# Thread: inverse function, solving for x with two variables

1. ## inverse function, solving for x with two variables

Hello,

I need to find the inverse function (finding f^-1) of f(x)= sqrt[3-x].

So I figured y = sqrt[3-x]

then solve for x to get x = 3- y^2 (?) when I graph it does not look like the inverse.

2. What you did is half correct. You just have to switch the y and the x to get the inverse function.

3. Originally Posted by Chop Suey
What you did is half correct.

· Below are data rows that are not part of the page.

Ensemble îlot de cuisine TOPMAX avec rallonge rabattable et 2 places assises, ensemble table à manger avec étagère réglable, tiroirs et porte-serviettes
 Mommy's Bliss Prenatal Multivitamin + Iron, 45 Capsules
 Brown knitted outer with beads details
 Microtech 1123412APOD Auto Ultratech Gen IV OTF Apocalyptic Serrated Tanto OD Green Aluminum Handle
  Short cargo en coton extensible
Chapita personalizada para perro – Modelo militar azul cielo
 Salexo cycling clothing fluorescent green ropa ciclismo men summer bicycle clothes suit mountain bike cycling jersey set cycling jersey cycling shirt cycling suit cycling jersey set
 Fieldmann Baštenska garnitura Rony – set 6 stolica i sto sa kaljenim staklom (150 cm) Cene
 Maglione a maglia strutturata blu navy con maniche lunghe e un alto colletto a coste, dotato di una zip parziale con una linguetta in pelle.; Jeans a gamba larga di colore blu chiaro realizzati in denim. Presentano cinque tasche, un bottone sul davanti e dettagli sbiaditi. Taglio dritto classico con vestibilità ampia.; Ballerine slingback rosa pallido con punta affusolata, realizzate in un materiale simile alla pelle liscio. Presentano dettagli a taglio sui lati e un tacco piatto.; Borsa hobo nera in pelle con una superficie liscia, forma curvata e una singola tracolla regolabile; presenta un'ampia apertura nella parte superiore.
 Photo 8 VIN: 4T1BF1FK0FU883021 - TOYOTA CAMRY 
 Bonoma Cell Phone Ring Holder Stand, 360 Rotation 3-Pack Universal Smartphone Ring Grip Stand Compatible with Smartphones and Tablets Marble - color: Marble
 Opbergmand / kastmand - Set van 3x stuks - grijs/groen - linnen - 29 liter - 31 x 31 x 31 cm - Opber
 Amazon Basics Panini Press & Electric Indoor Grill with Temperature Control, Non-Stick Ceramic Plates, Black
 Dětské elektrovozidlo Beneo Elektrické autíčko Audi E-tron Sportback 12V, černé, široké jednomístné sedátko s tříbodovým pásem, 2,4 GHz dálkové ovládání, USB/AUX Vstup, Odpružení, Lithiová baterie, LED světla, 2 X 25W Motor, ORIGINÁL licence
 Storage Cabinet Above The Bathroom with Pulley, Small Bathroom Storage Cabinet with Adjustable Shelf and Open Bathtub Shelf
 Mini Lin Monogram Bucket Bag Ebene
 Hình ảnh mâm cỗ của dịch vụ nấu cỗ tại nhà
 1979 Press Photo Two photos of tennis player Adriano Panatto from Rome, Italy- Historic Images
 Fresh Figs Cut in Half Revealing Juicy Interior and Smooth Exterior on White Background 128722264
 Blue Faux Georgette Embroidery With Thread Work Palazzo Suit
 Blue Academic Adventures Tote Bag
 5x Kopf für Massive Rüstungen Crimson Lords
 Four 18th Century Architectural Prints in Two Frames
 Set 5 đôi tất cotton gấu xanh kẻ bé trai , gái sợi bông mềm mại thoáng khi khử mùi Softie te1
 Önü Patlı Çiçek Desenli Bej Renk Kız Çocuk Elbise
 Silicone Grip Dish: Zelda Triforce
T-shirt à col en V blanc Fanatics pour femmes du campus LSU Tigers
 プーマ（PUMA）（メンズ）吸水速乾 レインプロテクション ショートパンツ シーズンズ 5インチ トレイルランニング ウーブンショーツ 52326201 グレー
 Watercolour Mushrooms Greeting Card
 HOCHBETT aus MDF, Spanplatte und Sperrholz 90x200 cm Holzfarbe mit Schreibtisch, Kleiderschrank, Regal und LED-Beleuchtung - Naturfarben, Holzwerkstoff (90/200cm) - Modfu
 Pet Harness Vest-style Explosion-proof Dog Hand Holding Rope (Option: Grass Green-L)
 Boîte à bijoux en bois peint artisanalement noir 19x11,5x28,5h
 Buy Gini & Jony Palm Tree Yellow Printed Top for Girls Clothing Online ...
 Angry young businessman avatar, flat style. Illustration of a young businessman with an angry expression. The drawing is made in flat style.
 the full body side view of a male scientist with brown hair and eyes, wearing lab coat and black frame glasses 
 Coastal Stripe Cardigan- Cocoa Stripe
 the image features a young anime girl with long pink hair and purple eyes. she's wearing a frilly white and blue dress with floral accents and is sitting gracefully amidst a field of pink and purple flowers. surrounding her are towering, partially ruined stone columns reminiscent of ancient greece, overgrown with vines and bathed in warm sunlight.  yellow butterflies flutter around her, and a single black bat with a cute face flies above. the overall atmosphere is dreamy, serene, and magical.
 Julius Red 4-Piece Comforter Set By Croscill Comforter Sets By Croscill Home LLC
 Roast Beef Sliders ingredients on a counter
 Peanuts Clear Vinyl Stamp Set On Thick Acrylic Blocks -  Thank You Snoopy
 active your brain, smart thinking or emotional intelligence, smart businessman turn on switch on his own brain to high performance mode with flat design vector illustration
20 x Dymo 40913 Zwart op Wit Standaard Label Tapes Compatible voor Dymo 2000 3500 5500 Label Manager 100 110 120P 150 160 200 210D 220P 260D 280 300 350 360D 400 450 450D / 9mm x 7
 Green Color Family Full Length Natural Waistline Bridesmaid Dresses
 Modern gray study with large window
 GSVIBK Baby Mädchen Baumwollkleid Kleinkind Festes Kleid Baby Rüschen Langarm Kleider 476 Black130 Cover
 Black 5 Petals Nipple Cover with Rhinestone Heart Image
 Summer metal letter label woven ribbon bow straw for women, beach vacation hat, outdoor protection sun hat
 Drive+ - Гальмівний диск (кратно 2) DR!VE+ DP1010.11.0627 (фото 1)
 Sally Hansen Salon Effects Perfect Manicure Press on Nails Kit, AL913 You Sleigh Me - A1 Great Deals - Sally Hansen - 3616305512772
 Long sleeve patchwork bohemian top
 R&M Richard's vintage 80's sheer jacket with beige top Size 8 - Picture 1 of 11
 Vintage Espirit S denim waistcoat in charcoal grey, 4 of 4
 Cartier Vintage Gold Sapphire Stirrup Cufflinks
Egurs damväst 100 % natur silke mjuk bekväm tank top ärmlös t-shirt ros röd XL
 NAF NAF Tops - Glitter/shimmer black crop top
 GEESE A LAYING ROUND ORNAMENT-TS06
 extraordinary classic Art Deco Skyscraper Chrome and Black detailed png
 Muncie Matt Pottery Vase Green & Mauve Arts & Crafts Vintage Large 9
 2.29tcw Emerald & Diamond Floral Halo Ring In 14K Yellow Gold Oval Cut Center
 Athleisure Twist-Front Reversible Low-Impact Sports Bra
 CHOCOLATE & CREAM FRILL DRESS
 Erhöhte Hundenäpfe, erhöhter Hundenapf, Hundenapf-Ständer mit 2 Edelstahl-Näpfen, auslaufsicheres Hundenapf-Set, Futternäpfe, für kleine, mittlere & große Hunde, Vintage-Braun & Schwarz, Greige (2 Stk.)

You just have to switch the y and the x to get the inverse function.
Originally Posted by 2clients
Hello,

I need to find the inverse function (finding f^-1) of f(x)= sqrt[3-x].

So I figured y = sqrt[3-x]

then solve for x to get x = 3- y^2 (?) when I graph it does not look like the inverse.

As Chops mentioned, just swap the x and y values of the function:

$y=\sqrt{3-x}\rightarrow x=\sqrt{3-y}$

Then solve for y to find $f^{-1}(x)$.

--Chris

4. Don't forget the restriction on the domain of the inverse: $y = \sqrt{3-x} \geq 0$ meaning that when you interchange x's and y's, then the 'new' x is greater than or equal to 0.